Mistake of fact can negate an element of a crime
People v. Speck (Cal. Ct. App., Feb. 2, 2022, No. C093273) 2022 WL 304910
Summary: A jury found Speck guilty of felony vehicle theft (Veh. Code, § 10851, subd. (a)) and receiving stolen property (Pen. Code, § 496d) with special allegations that the Honda was valued at over $950. The jury found defendant guilty as charged of both counts and the value allegations. The trial court sentenced him to the upper terms of three years in “county prison” for unlawfully driving a vehicle and three years for receiving stolen property, with sentence on the latter count stayed pursuant to section 654. Speck appealed claiming that the trial court prejudicially erred in failing to instruct the jury on mistake of fact. (CALCRIM No. 3406.)
The Court of appeal agreed and reversed the judgment.
.Jury Instructions on Mistake of Fact
Defense counsel requested the trial court instruct the jury with CALCRIM No. 3406 regarding mistake of fact based on Speck’s testimony that he mistakenly but actually believed he had permission from the person he believed was the owner to drive the car, which he mistakenly but actually believed was not stolen.
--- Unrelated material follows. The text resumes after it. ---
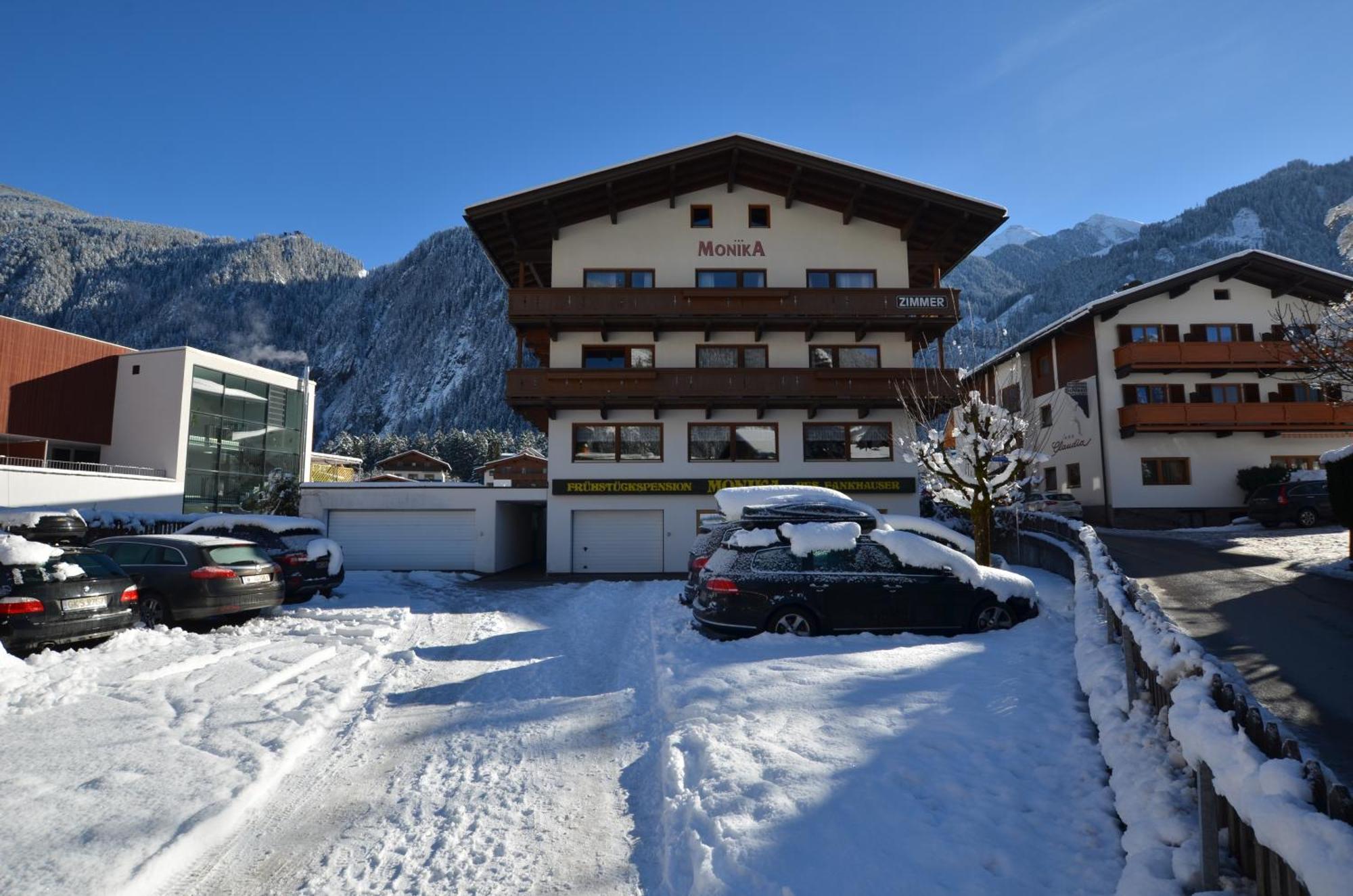 Haus Monika Und Haus Claudia Hotell Mayrhofen Exteriör bild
CALCRIM No. 3406, Mistake of Fact, provides: “The defendant is not guilty of <insert crime[s]> if (he/she) did not have the intent or mental state required to commit the crime because (he/she) [reasonably] did not know a fact or [reasonably and] mistakenly believed a fact.
“If the defendant’s conduct would have been lawful under the facts as (he/she) [reasonably] believed them to be, (he/she) did not commit <insert crime[s]>. If you find that the defendant believed that <insert alleged mistaken facts> [and if you find that belief was reasonable], (he/she) did not have the specific intent or mental state required for <insert crime[s]>.
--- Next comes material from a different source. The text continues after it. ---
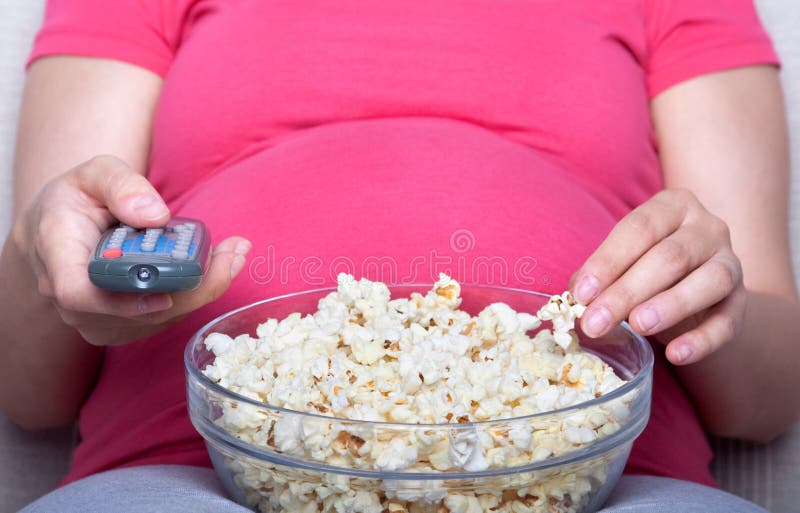 pregnant television watching woman στοκ φωτογραφία pregnant television watching woman στοκ φωτογραφία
“If you have a reasonable doubt about whether the defendant had the specific intent or mental state required for <insert crime[s]>, you must find (him/her) not guilty of (that crime/those crimes).”
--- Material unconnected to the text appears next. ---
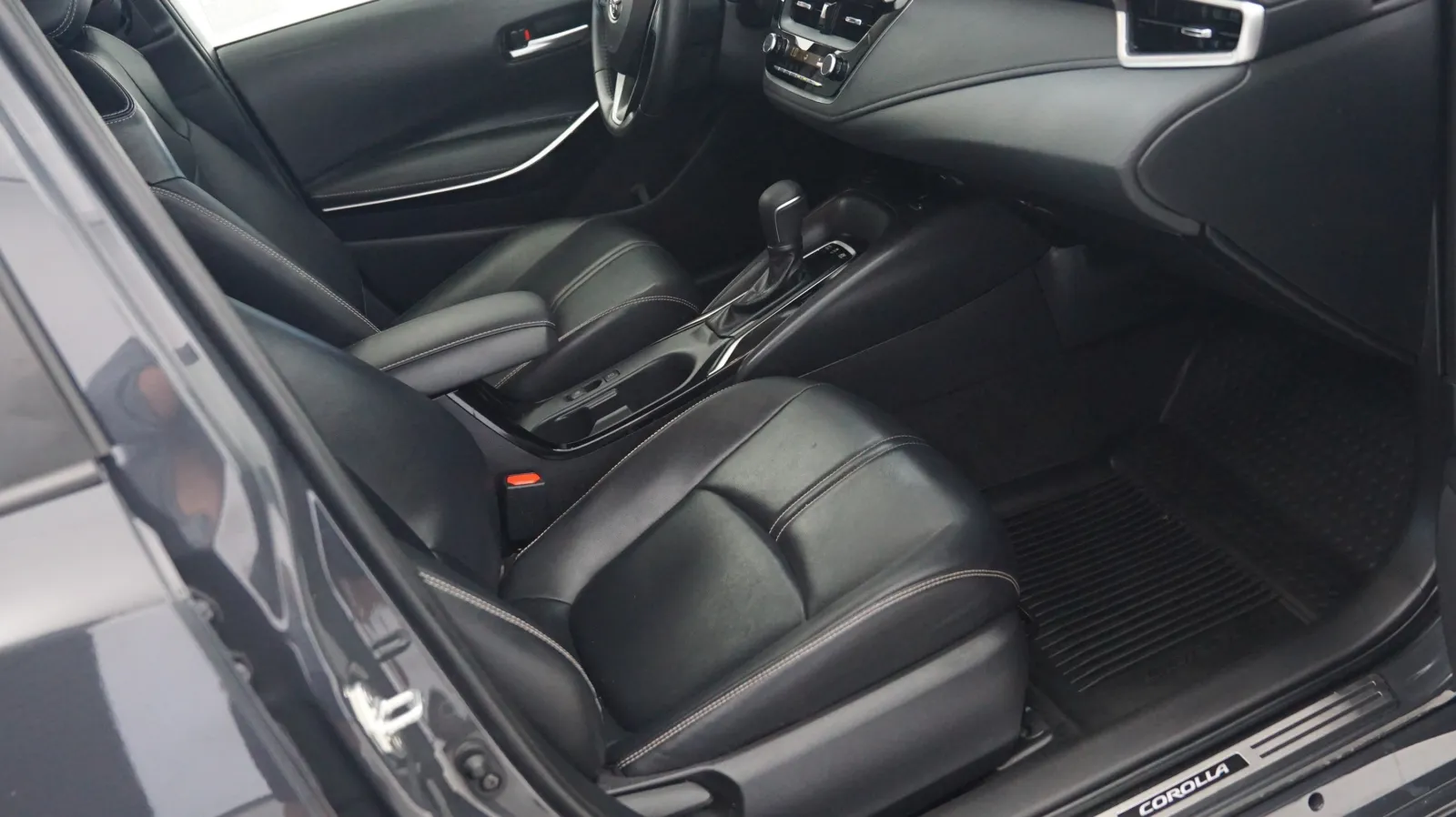 More photos of 2023 Toyota Corolla Hybrid XLE at Auto City, CA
The Bench Notes to CALCRIM No. 3406 as well as relevant case law make clear that the bracketed language requiring that the lack of knowledge or mistaken belief be reasonable is not applicable to crimes requiring specific criminal intent, such as the two charges against Speck.
Instruction on Mistake of fact should be given when requested
A mistake of fact that disproves the required intent for a crime is a defense to criminal liability. (In re Jennings (2004) 34 Cal.4th 254, 276, 17 Cal.Rptr.3d 645, 95 P.3d 906.) Generally, “a mistake of fact defense is not available unless the mistake disproves an element of the offense.” (Id. at p. 277, 17 Cal.Rptr.3d 645, 95 P.3d 906.) A mistake of fact instruction is only appropriate where the defendant’s mistaken belief negates an element of the crime. (People v. Givan (2015) 233 Cal.App.4th 335, 345, 182 Cal.Rptr.3d 592.) The trial court does not have a sua sponte duty to give a mistake of fact instruction. (People v. Lawson (2013) 215 Cal.App.4th 108, 117-118, 155 Cal.Rptr.3d 236.) When requested and when the defendant presents substantial evidence on mistake of fact and the instruction is legally correct, the court is required to give such an instruction. (Anderson, at pp. 996-997, 125 Cal.Rptr.3d 408, 252 P.3d 968.) Whether the offense is a general or specific intent crime, “the defendant’s mistaken belief must relate to a set of circumstances which, if existent or true, would make the act charged an innocent act.” (Lawson, at p. 115, 155 Cal.Rptr.3d 236.)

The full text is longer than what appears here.